Tara coached Myra about how to approach her sister. She gave her intimate details of their youth so Lizzy would believe her enough to listen to her story.
Tara had written a very long letter to Lizzy explaining where she was and how she had gotten there. Hopefully, it would open the door for Myra.
“Her biggest concern will be for Simon. She’ll need to trust you, or she’ll never let you in.”
“How will I get to your sister?”
They didn’t know where the stones would take Myra. There was no guarantee she’d be dropped in the same place where Duncan and Fin had been. The stones answered to a higher power. Time travel wasn’t an exact science. It was impossible to know exactly where Myra would end up.
Tara walked with Myra outside the Keep walls and over the hills. The sun shone, but the air held the chill of the coming winter. Both women wore heavy cloaks over their wool gowns.
“The only thing I think will work is finding help from someone of authority, the police, hospital, something. You need to fake amnesia.” Tara reached down, picked up a flat rock from the ground.
“What is amnesia?”
“Pretend you have no memory.”
“No memory? How could I do that?”
“Well, if the police pick you up, tell them you don’t remember anything except waking up wherever it is you end up.” Tara went on. “Tell them your head hurts and that you think you fell. They’ll probably take you to a hospital, run tests.”
“A hospital is where they treat the sick?”
“But I won’t be sick. Won’t they be able to tell?”
“Maybe.” Tara tossed the stone, reached for another.
“I don’t like to lie.”
Tara laughed. “Well, get use to it, sister. You’ll be lying through your teeth the whole time your there.”
“Couldn’t I tell the truth?”
“They’d lock you up so fast your head would spin clean off your shoulders. Or worse, someone would believe you and use the stones for something horrible. Then how would you get back?”
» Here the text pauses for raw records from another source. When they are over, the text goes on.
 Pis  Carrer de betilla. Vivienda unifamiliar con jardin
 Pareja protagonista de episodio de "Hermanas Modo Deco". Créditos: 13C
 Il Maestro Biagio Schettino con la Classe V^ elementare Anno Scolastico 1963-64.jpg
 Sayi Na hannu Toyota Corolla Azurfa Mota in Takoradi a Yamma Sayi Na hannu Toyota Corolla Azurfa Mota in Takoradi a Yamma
Myra let out a long sigh. “I’m so worried. I’m trying to be brave on the outside so everyone will think I’m strong.” A sob tore from the back of her throat. “But I’m not, Tara. I’m not strong like you.”
Tara reached for her and let the tears come.
When Myra cried out in anguish Tara pulled away.
“Now you listen here. You’re one of the strongest women I know. You have learned so much about my time in only a few short weeks. You’re ready for this, Myra, ready to go to the future, meet my sister, and stay long enough for the danger to pass.” Tara wiped her cheeks with her hand. “And you’re going to eat great food and meet so many types of people your head will want to explode.” Her nervous laugh suffered a smile from Myra. “And the technology will make you crazy! You’ll love it.”
“Are you sure?”
“I am, Myra. Everything will work out. Tell whoever finds you Lizzy’s name. Once they find my sister, the rest will be easy. Make sure Lizzy tells Cassy everything. I don’t want Cassy spending her life thinking she caused my death.”